What you are asked to do
Please retype all of the entries that follow, leaving the images out.

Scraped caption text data
Segment Open

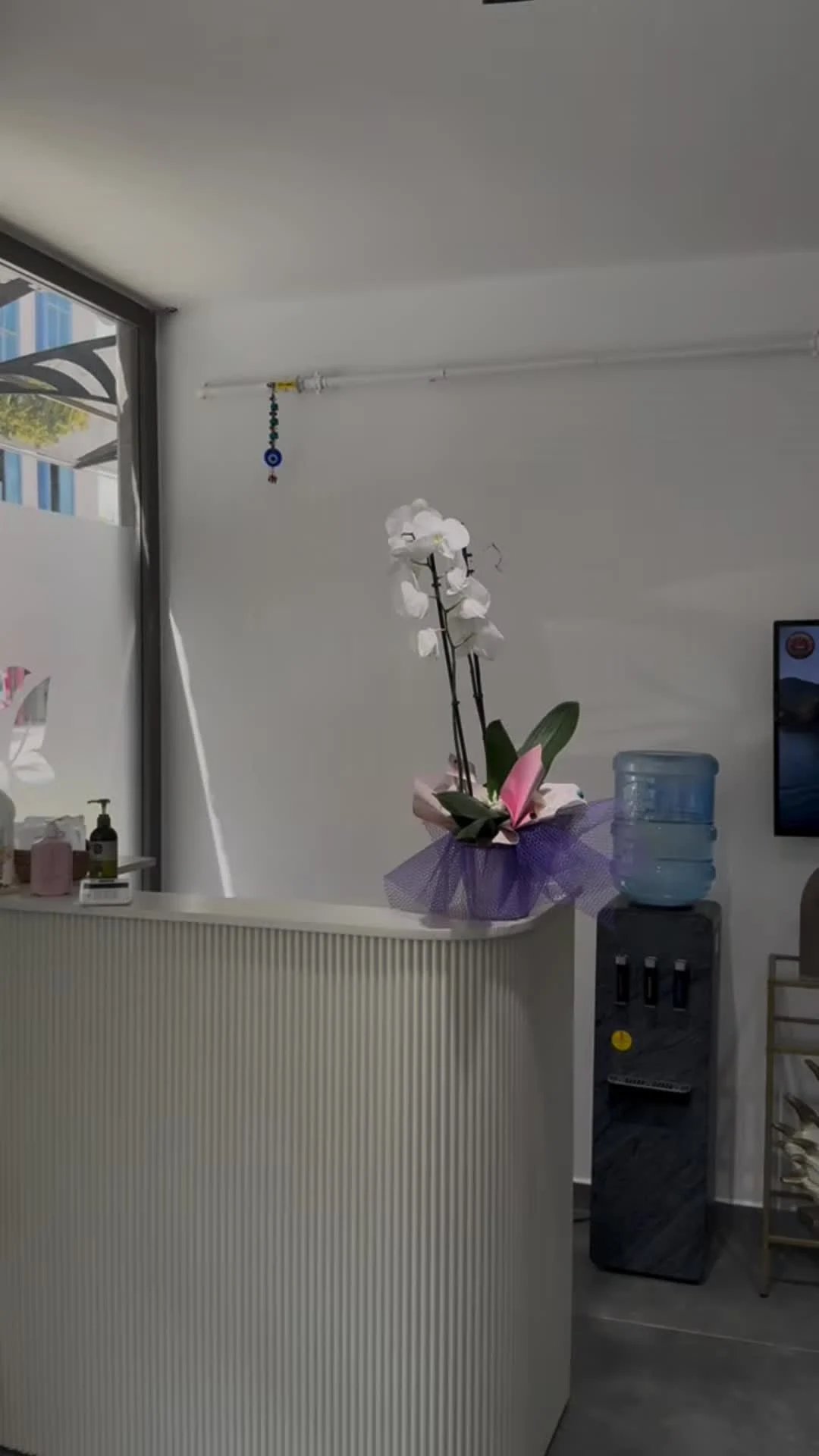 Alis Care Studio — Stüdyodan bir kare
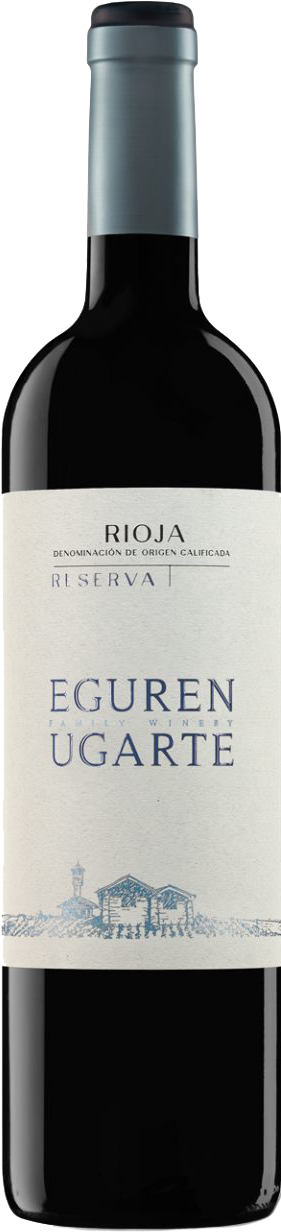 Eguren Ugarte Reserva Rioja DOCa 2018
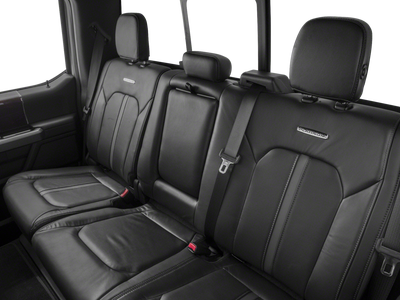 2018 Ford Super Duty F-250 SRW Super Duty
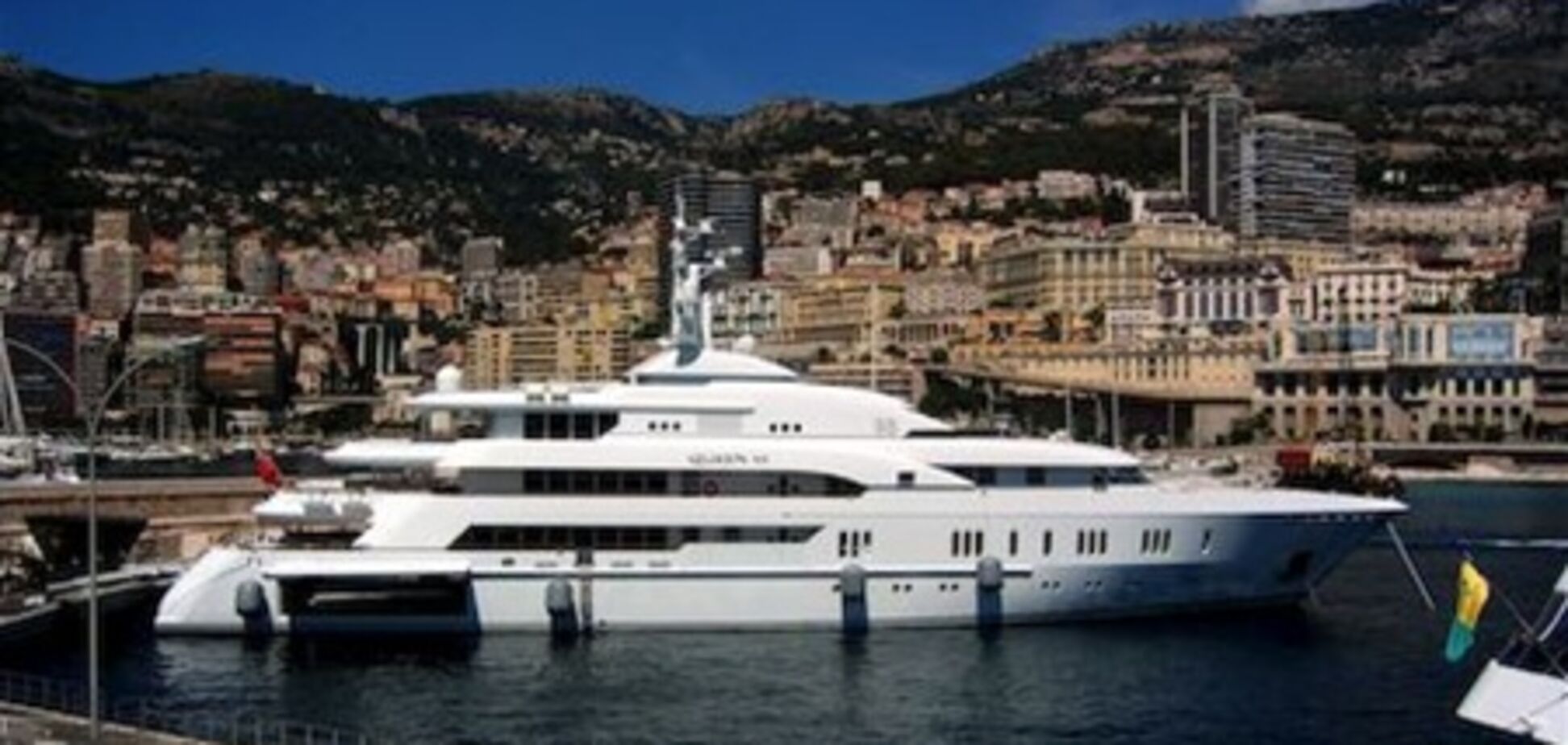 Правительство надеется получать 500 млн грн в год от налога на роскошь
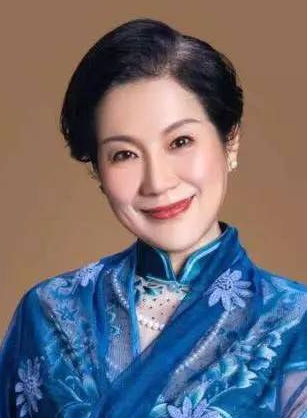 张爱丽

Segment Closed

Exercise response
 Alis Care Studio — Stüdyodan bir kare
 Eguren Ugarte Reserva Rioja DOCa 2018
 2018 Ford Super Duty F-250 SRW Super Duty
 Правительство надеется получать 500 млн грн в год от налога на роскошь
 张爱丽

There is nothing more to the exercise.